Jakarta – Detasemen Khusus (Densus) 88 Antiteror Polri menangkap 16 orang tersangka teroris yang terafiliasi dengan Negara Islam Indonesia (NII) pada Jumat, (25/3) di Sumatera Barat. Penangkapan dalam jumlah besar tersebut menunjukkan betapa gerakan radikalisme dan terorisme di beberapa daerah kini semakin massif. Diketahui, motif para tersangka tersebut ingin mengganti ideologi negara dan menggulingkan pemerintahan yang sah.
Menanggapi hal tersebut, Direktur Pencegahan BNPT RI, Brigjen Pol. Ahmad Nurwakhid saat dihubungi Rabu (30/3) menjelaskan bahwa NII merupakan salah satu gerakan politik yang patut diwaspadai karena memiliki ideologi yang bertentangan dengan Pancasila dan konsensus nasional bahkan telah memiliki struktur pemerintahan yang bergerak di bawah tanah.

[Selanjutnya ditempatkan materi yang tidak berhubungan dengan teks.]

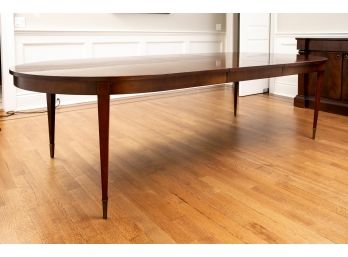 Baker Thomas Pheasant Classic Oval Dining Room Table (RETAIL $6,135-See Receipt)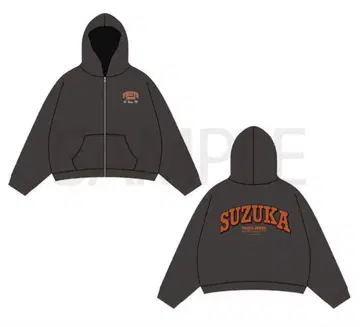 후르츠 지퍼 FRUITS ZIPPER 진세이 스즈카 최애 어필 후드티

Gerakan ini selain berpotensi melakukan tindakan kekerasan dan teror untuk mencapai cita-citanya mendirikan negara berdasarkan syariat agama juga menjadi ancaman bagi kehidupan yang harmoni di negeri ini.
“NII merupakan organisasi dan gerakan politik pertama di Indonesia yang melakukan radikalisasi gerakan politik yang mengatasnamakan agama yang sangat membahayakan kedaulatan negara. Ideologi NII merupakan induk ideologi yang menjiwai gerakan-gerakan radikalisme dan terorisme di Indonesia” tegasnya.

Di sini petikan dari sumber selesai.